There are Two Exams
- The experimental Presentation: The second section of the general examination is the experimental project, which consists of a report and oral presentation on an experiment that the student has either performed or assisted others in performing at Princeton. First year students should plan to spend three to four months on their project and they should begin by May of their first year. If you plan to work on it full time it should take about six weeks. The length and format of the write-up is flexible, but typically comparable to a report in a letter-type journal. It is advisable that the level be aimed at physicsits who are not expert in the field. A written report is due to the advisor of your experimental project and the Graduate Administrator by the end of October of your second year. You will be given one grade for your write up by your advisor and one grade for your presentation from the Committee. Please plan your presentation to be no more than 15 minutes, since the main purpose is for the Committee to ask questions. The Committee will have received the written report prior to the oral presentation. Your presentation will be in front of a Committee of two professors that is put together by the Graduate Administrator. Questions about anything in your report are fair game as are reasonable questions about the equipment on which your report is based. You should be prepared to discuss the sources of systematic and statistical error as well. For example, if you did a report on the Sloan Digital Sky Survey you should know how the observations are made but not necessarily how the CCDs are placed in the focal plane. Remember, this is an experimental oral given by experimentalists!

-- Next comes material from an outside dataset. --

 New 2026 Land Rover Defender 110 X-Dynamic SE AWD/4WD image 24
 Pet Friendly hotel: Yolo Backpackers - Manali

- Advanced project/pre-thesis: This is a research project in the student's area of interest, to be done under the supervision of a faculty advisor. The final product is a written report and an oral defense in the presence of a pre-thesis committee. One should have a prepared write-up no more than ~20 pages and your talk should be absolutely no longer than 30 minutes. You will get frequent questions. In this oral especially, we are looking for a depth of understanding that is indicative of independent research. This is not about reporting science but about intellectual engagement. You should know far more than you are able to present and that should come across in the presentation. You will provide your advisor and the Graduate Administrator with a final draft of your presentation three days before you present. It is your responsibility to schedule and choose your Committee of three professors. Your advisor will be one of your committee members. For the other two, they can be in your field but one of the two should be outside your research view. For example, you can have three theorists but one theorist needs to be outside your research view. If your advisor is in another department then one of the committee members needs to be a faculty member from the physics department. Once you have a date and time, please contact the Graduate Administrator to reserve a room for you. The Committee will give one grade for your presentation. The deadline to complete your pre-thesis oral defense is before the start of winter break during your third year. There is wide agreement that these orals are fun: they give the faculty a chance to see what's happening in other fields. Come tell us what you've been thinking about!